(Beginning of Task material)
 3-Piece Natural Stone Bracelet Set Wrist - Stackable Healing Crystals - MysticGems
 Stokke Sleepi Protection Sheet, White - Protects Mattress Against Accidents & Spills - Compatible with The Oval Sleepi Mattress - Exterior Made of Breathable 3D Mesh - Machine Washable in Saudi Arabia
(End of Task material)
(Beginning of Task material)
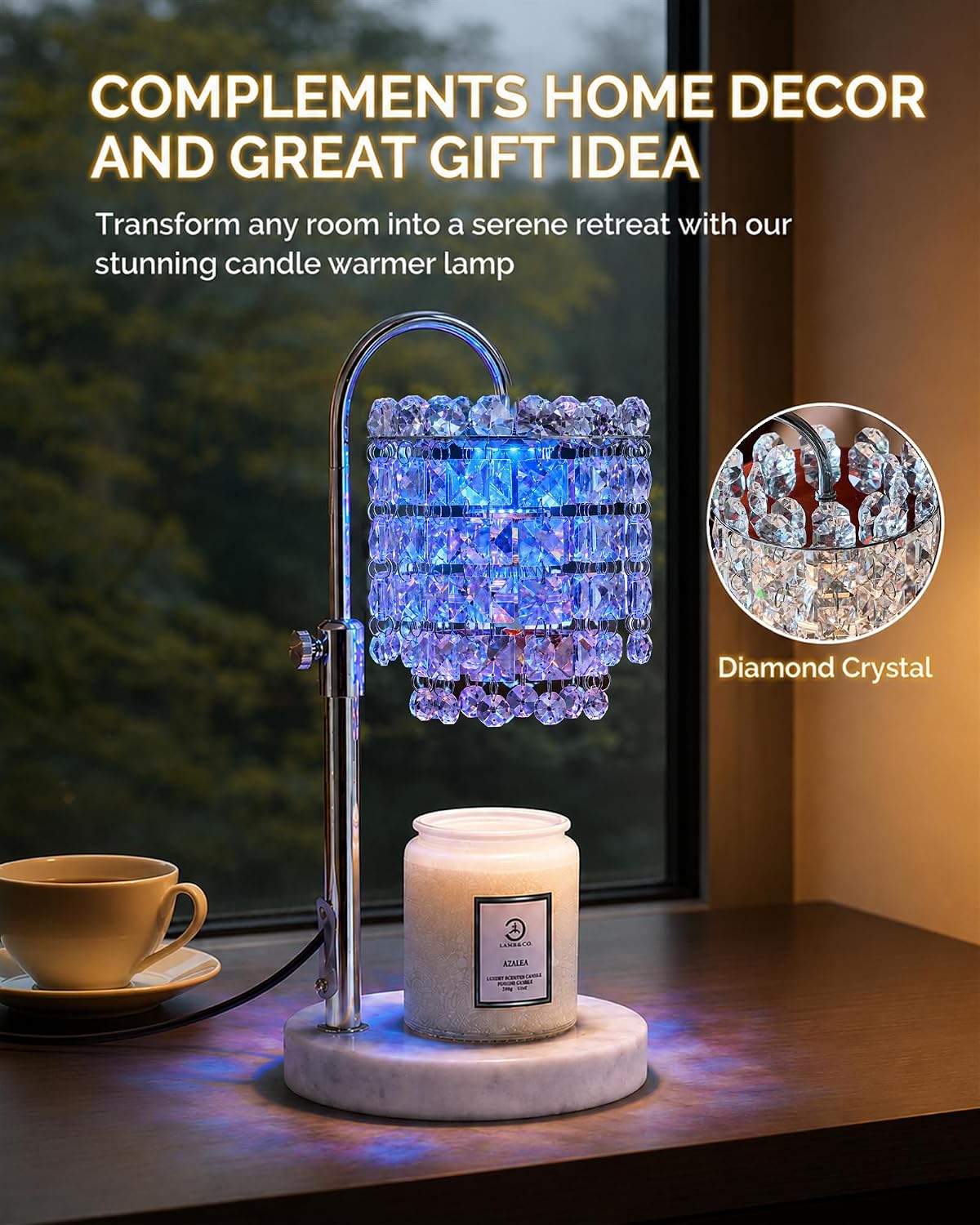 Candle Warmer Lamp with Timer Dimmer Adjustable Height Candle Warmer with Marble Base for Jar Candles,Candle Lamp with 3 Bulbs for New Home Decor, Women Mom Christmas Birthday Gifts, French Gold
(End of Task material)
(Beginning of Task material)
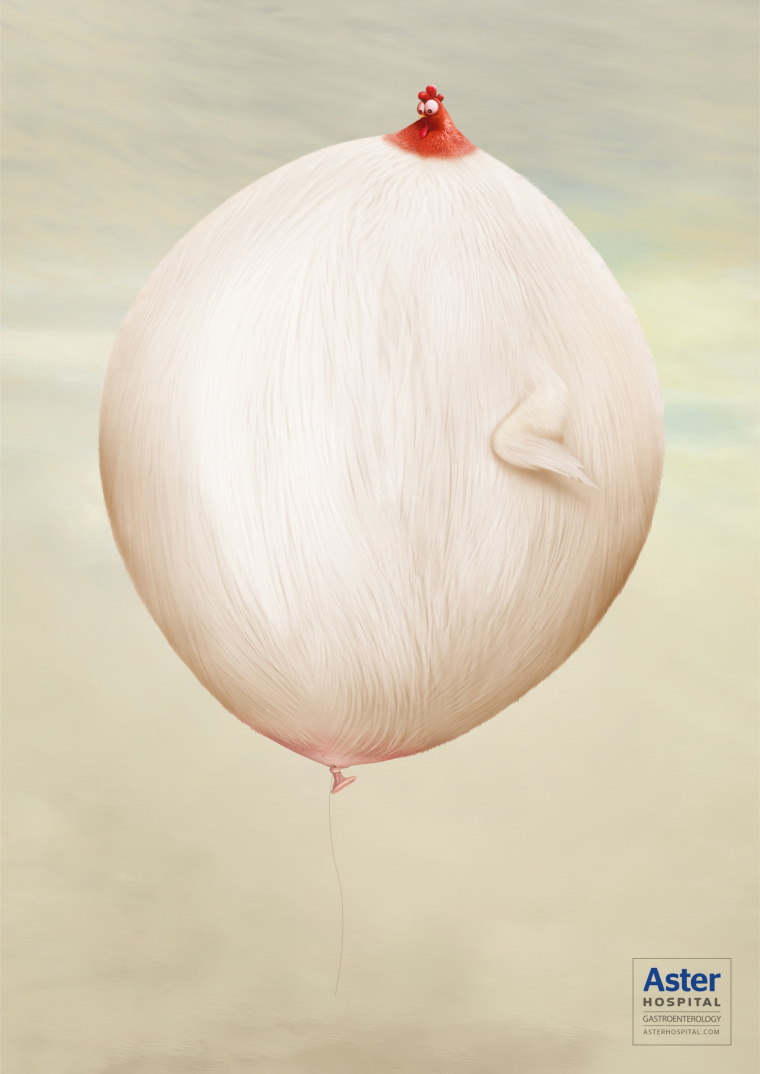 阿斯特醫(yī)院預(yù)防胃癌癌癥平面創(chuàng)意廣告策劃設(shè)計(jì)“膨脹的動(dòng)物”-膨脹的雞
(End of Task material)
▶ **What you will do**: In the data above, retype exactly and only the lines between the one holding "3-Piece Natural Stone" and the one holding "Stokke Sleepi Protection", inclusive.

▶ **Completed exercise**:
 3-Piece Natural Stone Bracelet Set Wrist - Stackable Healing Crystals - MysticGems
 Stokke Sleepi Protection Sheet, White - Protects Mattress Against Accidents & Spills - Compatible with The Oval Sleepi Mattress - Exterior Made of Breathable 3D Mesh - Machine Washable in Saudi Arabia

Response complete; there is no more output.